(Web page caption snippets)
--------------------

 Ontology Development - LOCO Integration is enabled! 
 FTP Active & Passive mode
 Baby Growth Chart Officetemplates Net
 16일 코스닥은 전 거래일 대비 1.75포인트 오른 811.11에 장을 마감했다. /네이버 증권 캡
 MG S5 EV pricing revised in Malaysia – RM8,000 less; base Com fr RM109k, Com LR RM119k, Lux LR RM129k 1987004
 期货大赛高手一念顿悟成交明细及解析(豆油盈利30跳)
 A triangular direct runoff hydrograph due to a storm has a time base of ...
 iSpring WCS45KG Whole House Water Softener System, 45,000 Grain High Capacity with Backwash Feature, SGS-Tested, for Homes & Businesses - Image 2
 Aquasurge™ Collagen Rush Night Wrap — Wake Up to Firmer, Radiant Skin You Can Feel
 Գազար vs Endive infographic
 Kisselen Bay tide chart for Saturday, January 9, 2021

--------------------

=== Activity ===
From the data above, copy each line with the string "base" in it.

=== Task answer ===
 MG S5 EV pricing revised in Malaysia – RM8,000 less; base Com fr RM109k, Com LR RM119k, Lux LR RM129k 1987004
 A triangular direct runoff hydrograph due to a storm has a time base of ...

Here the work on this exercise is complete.